Crew backed McCluskey’s fighting talk. Yet they retain a healthy distrust of union officials. The first speaker from the floor said it was positive to hear McCluskey’s “good words” but that “we’ve been here before with Tony Woodley”.
She asked McCluskey if he would let crew down as previous union leaders had done. McCluskey defended Woodley’s record while also conceding that “mistakes had been made” and said, “I wish I could turn the clock back”.
He didn’t spell out what exactly he would’ve done differently.
Another worker asked what could be done to involve other workplaces with Unite members in the BA dispute. Again, McCluskey was vague. He said that he would try to “get the message across” to Unite members that the fight at BA affected them too.
But despite the fact that Unite is Britain’s biggest union with huge potential power, he didn’t promise to try to escalate the dispute or organise solidarity action for crew.
McCluskey told cabin crew, as previous union leaders did, that “the only people who will determine what’s acceptable will be you”.
Yet previous union leaders who promised this went on to engage in months of fruitless discussions with Walsh while keeping ordinary crew members in the dark.

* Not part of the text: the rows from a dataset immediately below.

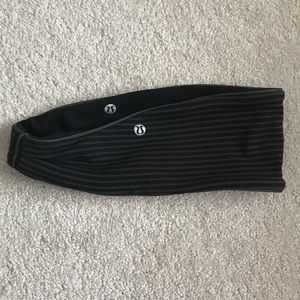 Lululemon reversible headband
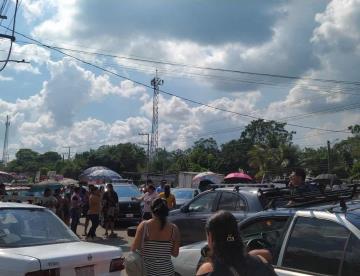 Bloquean carretera Villahermosa-Teapa por falta de agua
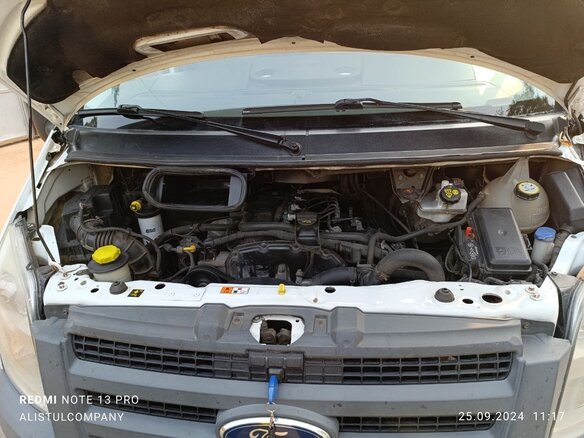 2011 Ford Transit, белый, 1670000 рублей - вид 9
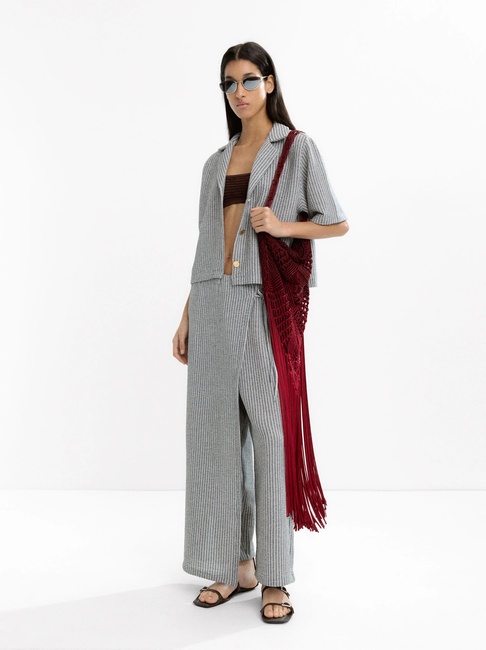 Женские серые штаны Parfois артикул 233593 _BM FW2025 Фото ракурс 4 - Женские серые штаны Parfois артикул 233593 _BM FW2025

They also failed to call fresh strikes after crew threw out a derisory offer from BA in July.
The mood of the meeting meant McCluskey was forced to promise crew, “I will not let you down. I will make certain that whatever you want, you will get.”
It’s good that McCluskey has wasted little time in beginning a fresh ballot of crew and that he is stressing his support for workers.
But previous experience shows that crew can’t simply rely on warm words from officials. They will need to organise to keep the pressure on their leaders if they are to keep him to his word.
If cabin crew vote for strikes, they must demand that McCluskey wastes no time in naming strike dates and organising a programme of hard-hitting action that can win.